Grandi banche = solide
A scanso di equivoci tutte le banche più grandi offrono obbligazioni a cui è stato attribuito un rating «investment grade» e soprattutto negoziabili a Milano, Lussemburgo e Francoforte e su mercati come Mot o Eurotlx. A Unicredit (51 emissioni) e Intesa (26 bond) si deve circa la metà dell’importo totale di questo tipo di emissioni. Il Banco Popolare ne conta poi 13, Ubi 12, 5 Mediobanca. Il resto è fa capo a banche piccole e medie, tante le popolari e qualche pecora nera, come Montepaschi che ha piazzato 4,8 miliardi di «subordinati» ora tutti e 10 classificati ad alto rischio.

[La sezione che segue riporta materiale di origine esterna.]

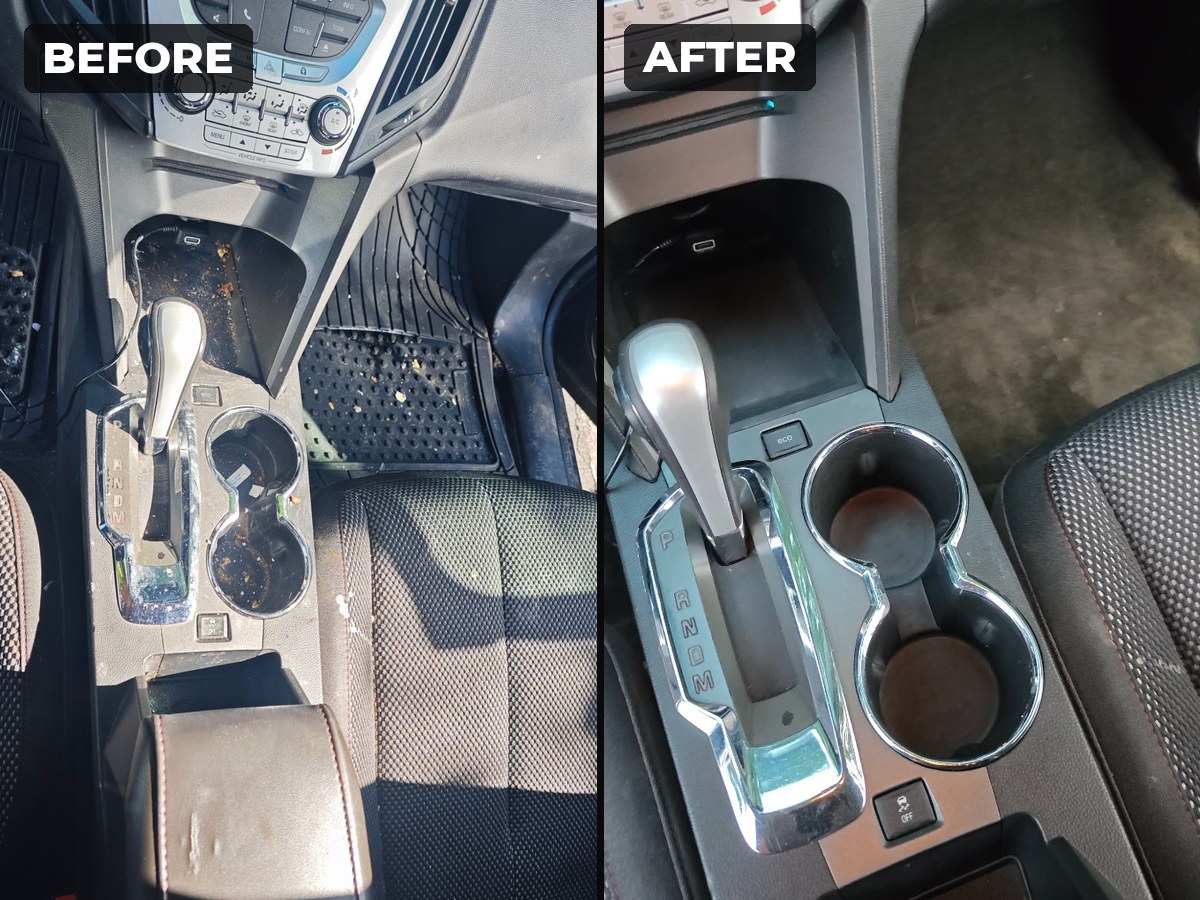 Car center console before and after an interior deep clean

Quanti di questi bond possono essere definiti speculativi? «Non bisogna generalizzare – avverte Trotta -. Certo se si considera che un bond decennale di Intesa, Unicredit o Mediobanca, gli istituti che il mercato considera tra i più solidi, paga in media un interesse del 3,5/4,5 un risparmiatore che compra un bond della Popolare di Vicenza che rende l’8 o il 9% dovrebbe chiedersi il perché».
Lo spartiacque
Secondo Altroconsumo anche Veneto Banca e Popolare di Vicenza andrebbero inserite nel piano Salva-banche. Se fosse così finirebbero nella tagliola 7 bond emessi dalla banca vicentina (controvalore 894 milioni) e 7 della cugina trevigiana (731 milioni di controvalore, compresi 200 milioni che offrivano una cedola «d’oro» del 10%). «Far comprendere ad un risparmiatore le caratteristiche tecniche di questi prodotti ed il relativo grado di rischio – conclude Trotta – non è facile. Per decidere un investimento del genere basta però tener presente un semplice spartiacque: in caso di liquidazione della banca, storicamente, i possessori di bond subordinati non hanno mai visto un euro».